Premier Oil this morning confirmed its shares had been suspended from the London Stock Exchange ahead of a potential takeover.
Premier is believed to be buying E.ON’s oil and gas assets in the UK, sources told Reuters. The deal is thought to be worth more than EUR150million.
The company has since confirmed the $120million deal – for the latest click here.
A Premier company spokesperson said: “At the request of the company, Premier’s ordinary shares have been suspended from trading on the London Stock Exchange with effect from 7.30am this morning pending an announcement of a potential acquisition of assets by Premier which may be classified as a reverse takeover under the FCA Listing Rules.
“Therefore, the company has requested the temporary suspension of trading in its ordinary shares whilst clarification is sought from the UKLA.”
Yesterday, Broker Jefferies cut Premier’s rating to hold and target price to 33p from 120p.
The firm’s shares fell 33% from 19p to 9.5p – a fraction of May 2014’s high of 358.6p.

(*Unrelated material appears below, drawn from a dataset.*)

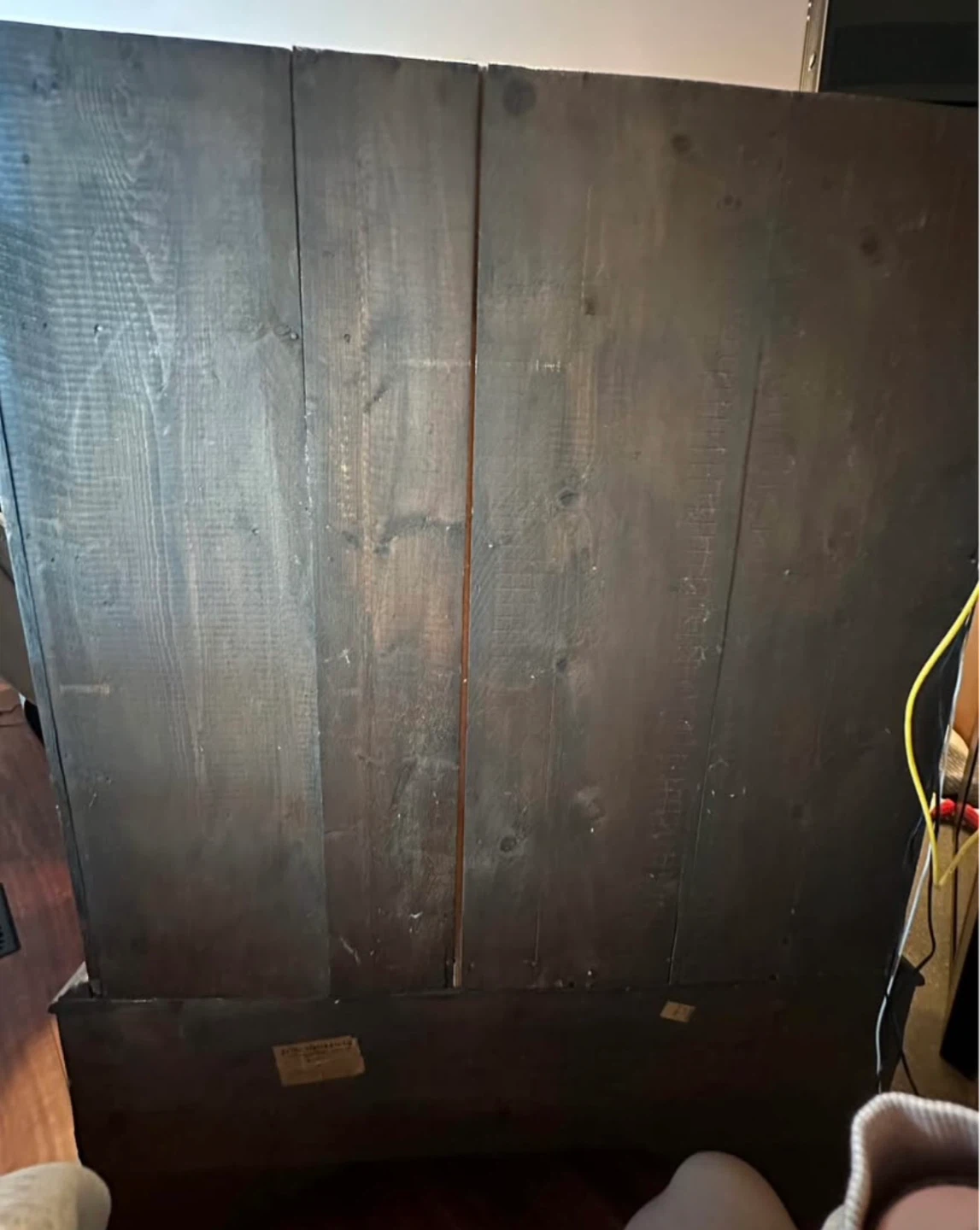 Free Antique Dresser - photo 4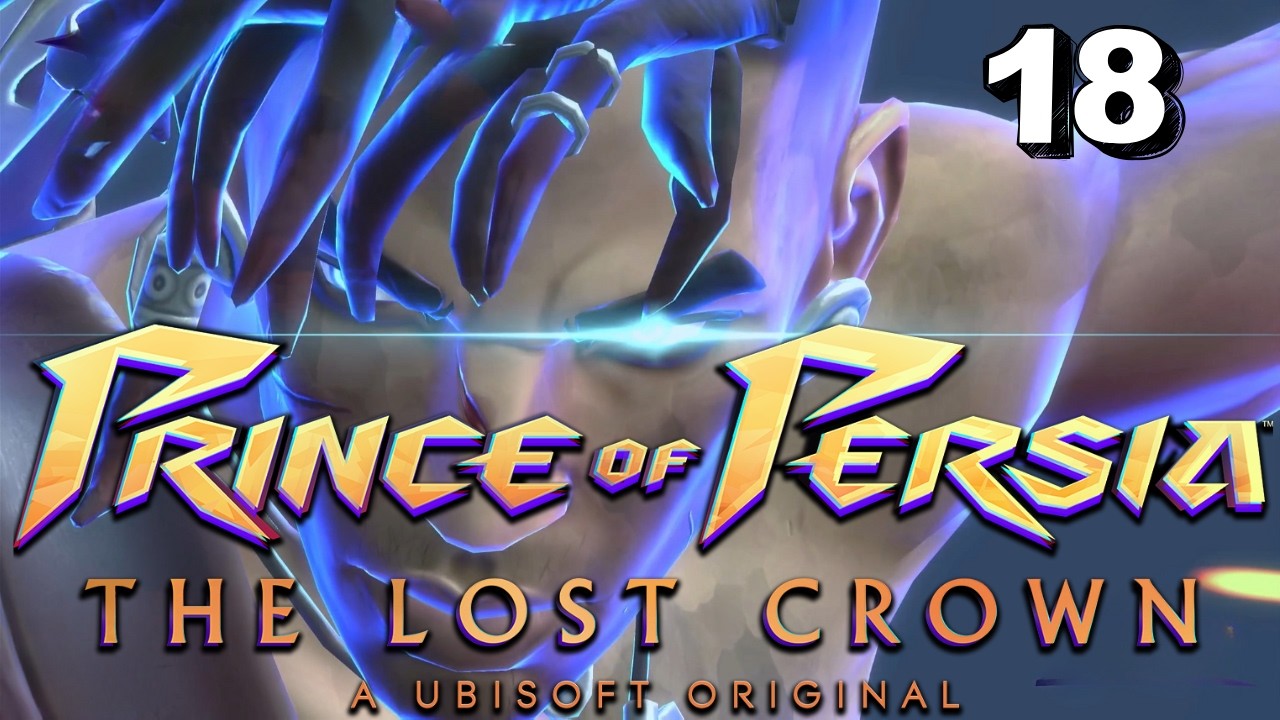 Getting to the Tower of Silence || Let's Play Prince of Persia: The Lost Crown #18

Premier Oil’s debt is thought to be more than £1.83billion.
Its current market capitalization is £155million.
The suspension comes days after the firm confirmed an oil find in the North Falkland basin.

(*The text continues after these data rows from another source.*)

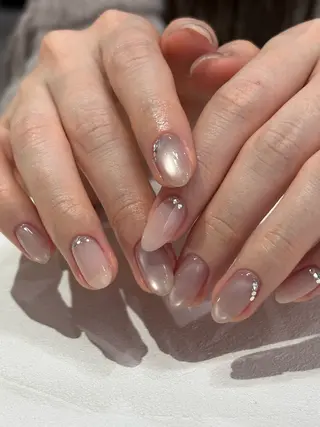 ネイル Ikarashi Mimuのネイルデザイン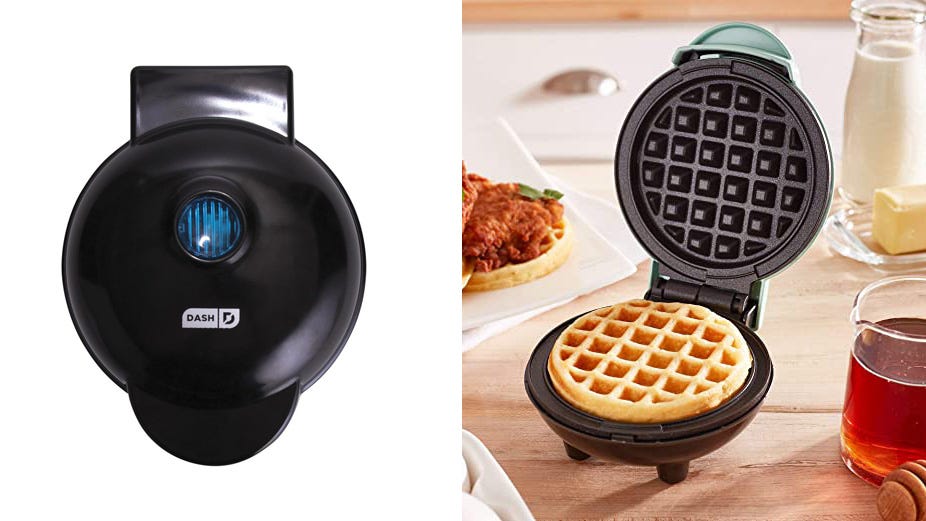 waffle maker 2021
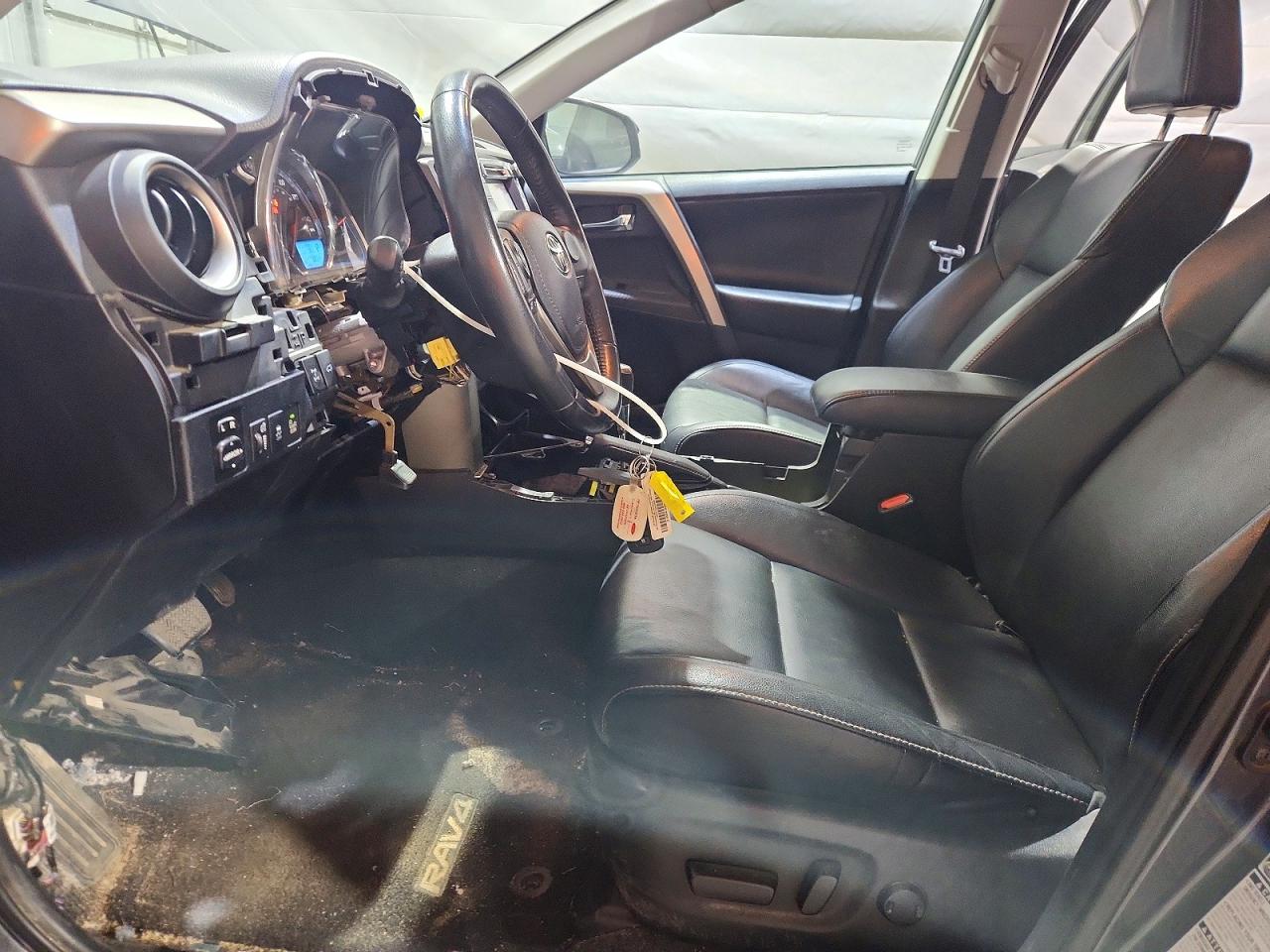 Toyota RAV4 Limited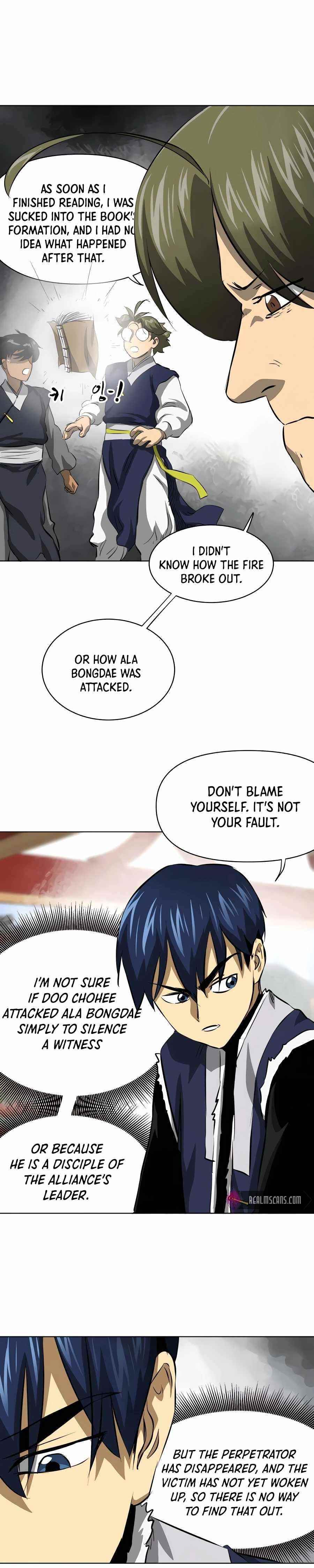 Infinite Level Up in Murim - Chapter 128 Page 10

A Premier Oil spokesman said full details would be revealed later today.
Energy Voice previously reported speculation around the possibility of a takeover of E.ON’s North Sea assets, which include the Rita, Johnston and Huntington fields, and interests in the Caister, Minke, Ravenspurn North fields and ETS and CMS pipeline systems.
If the deal is finalized it would be classed as a “reverse takeover” because the value of the transaction would be close to Premier’s market value.
Premier and E.ON both have interest in the Huntington field.
Earlier this week, the pair acquired Noreco’s participating interest in the Huntington licence for no consideration.
In December, Premier was forced to delay the start-up of its flagship Solan field.
A spokesperson credited harsh weather conditions, poor bridge connectivity and lost days for the delay.
It also finalized the sale of its Norwegian business for $120million.
Yesterday, RBS said stocks could fall 20% and urged investors to sell everything, saying: “In a crowded hall, exit doors are small. Risks are high.”
The warning came as oil fell to $30 a barrel.
Morgan Stanley said a rapid appreciation of the US dollar may send Brent oil as low as $20 a barrel.
“Given the continued US dollar appreciation, $20-$25 oil price scenarios are possible simply due to currency,” the analysts wrote in the report.
“The US dollar and non- fundamental factors continue to drive oil prices.”
Yesterday, BP also confirmed it would shed 4,000 Upstream jobs – 600 from its North Sea division.
The announcement caused a string of soundbites from politicians, industry leaders and commentators.
Nicola Sturgeon labelled the move a “crisis”.